Der Verwaltungsgerichtshof hat durch den Vorsitzenden Senatspräsident Dr. Grünstäudl sowie die Hofrätin Dr. Leonhartsberger und den Hofrat Dr. Eisner als Richter, unter Mitwirkung der Schriftführerin Mag. Kieslich, über die Revision der M E in L, vertreten durch Mag. Dr. Sebastian Siudak, Rechtsanwalt in 4040 Linz, Blütenstraße 15/5/5.13, gegen das Erkenntnis des Landesverwaltungsgerichts Oberösterreich vom 10. Jänner 2022, Zl. LVwG 351126/2/KLi, betreffend Sozialhilfe (belangte Behörde vor dem Verwaltungsgericht: Bürgermeister der Stadt L), den Beschluss gefasst:

Spruch

Die Revision wird zurückgewiesen.

1 Mit dem angefochtenen, im Beschwerdeverfahren ergangenen Erkenntnis des Landesverwaltungsgerichts Oberösterreich (Verwaltungsgericht) vom 10. Jänner 2022 wurde der Antrag der Revisionswerberin vom 3. November 2021 auf Gewährung von Sozialhilfe zur Unterstützung des Lebensunterhalts und zur Befriedigung des Wohnbedarfs nach dem Oö. Sozialhilfe Ausführungsgesetz (Oö. SOHAG) mit der wesentlichen Begründung abgewiesen, dass keine dauerhafte Berechtigung zur Niederlassung iSd § 5 Oö. SOHAG vorliege, weil die Revisionswerberin lediglich über den befristeten Aufenthaltstitel „Rot Weiß Rot Karte plus“ verfüge. Weiters wurde ausgesprochen, dass die Revision an den Verwaltungsgerichtshof gemäß Art. 133 Abs. 4 B VG zulässig sei.

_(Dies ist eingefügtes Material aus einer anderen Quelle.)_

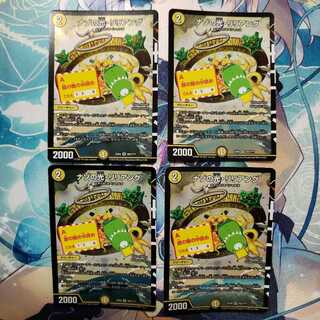 ナゾの光・リリアング 4枚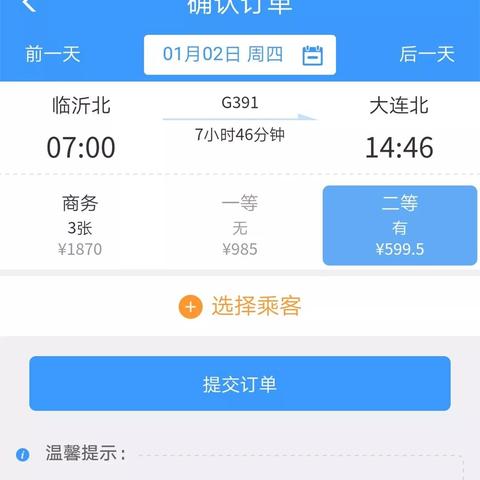 大连到临沂特价机票的长尾关键词有什么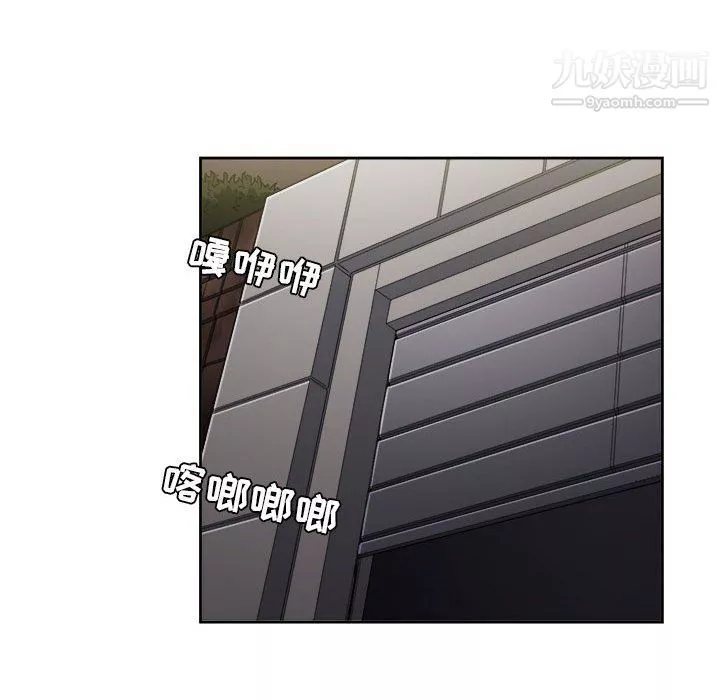 由莉的秘密第56话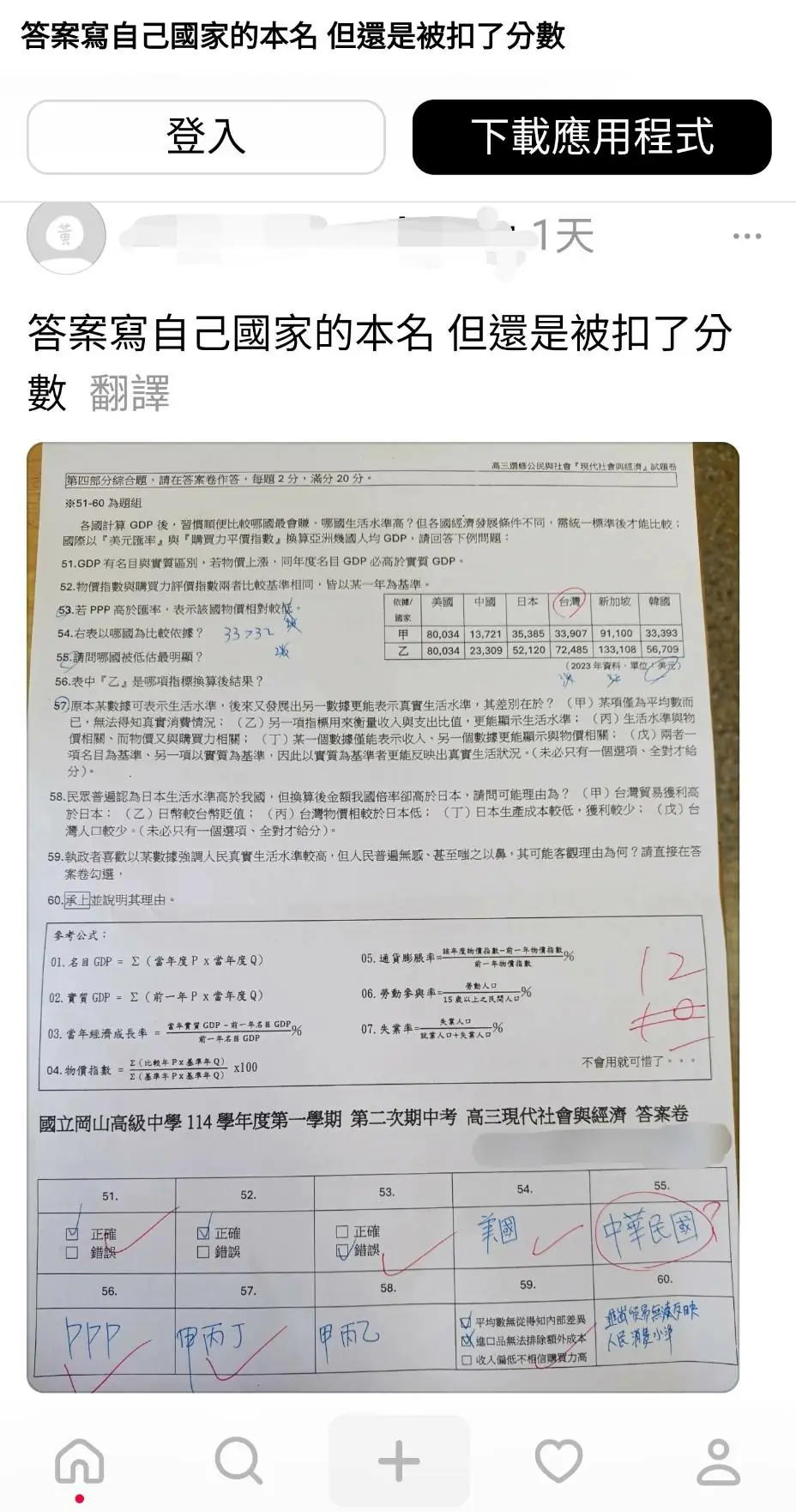 岡山高中期中考爆爭議　學生填「中華民國」遭扣分　命題措辭成焦點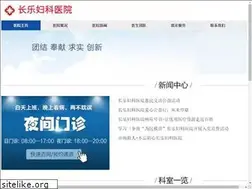 Sites similar to 027rlw.com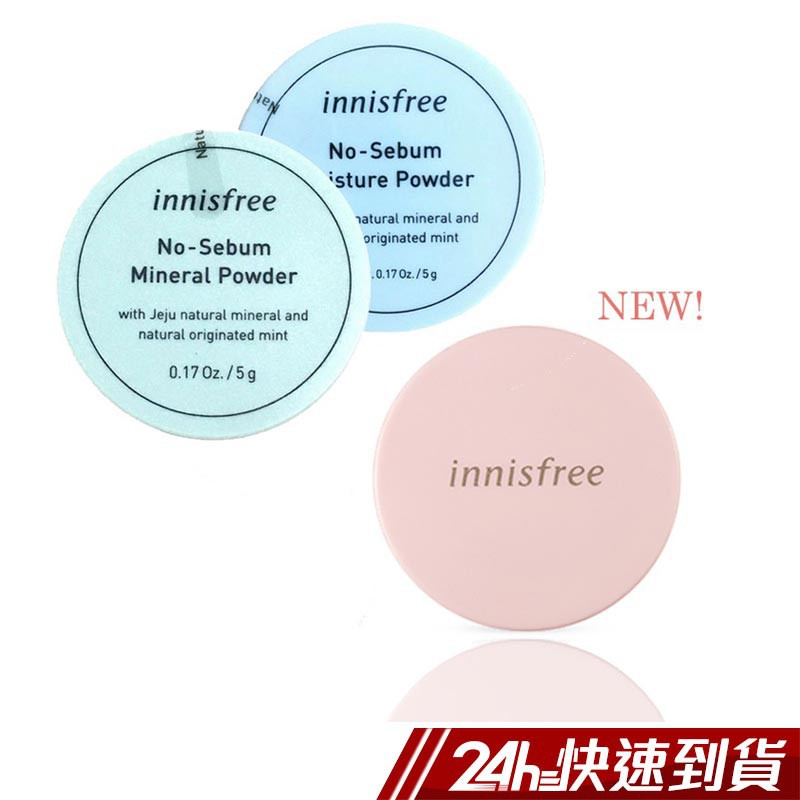 2.雙重皮脂調理科技 控油粉末&天然礦物粉末 – 立即吸附油脂。 薄荷萃取 – 長效抑制皮脂腺分泌。 3.改善因出油引起的脫妝與膚色暗沉困擾 在粉底與遮瑕後使用蜜粉定妝，減少脫妝與出油暗沉、幫助底妝長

2 Den zuletzt genannten Ausspruch begründete das Verwaltungsgericht damit, dass keine Rechtsprechung des Verwaltungsgerichtshofes zu der Frage vorliege, ob der der Revisionswerberin zukommende befristete Aufenthaltstitel „Rot Weiß Rot Karte plus“ nach dem Niederlassungs und Aufenthaltsgesetz (NAG) sie als „dauerhaft niedergelassenen Fremden, der sich seit mindestens fünf Jahren dauerhaft, tatsächlich und rechtmäßig im Bundesgebiet aufhält“ iSd § 5 Oö. SOHAG qualifiziere, wobei dieser Rechtsfrage Bedeutung über den vorliegenden Einzelfall hinaus zukomme.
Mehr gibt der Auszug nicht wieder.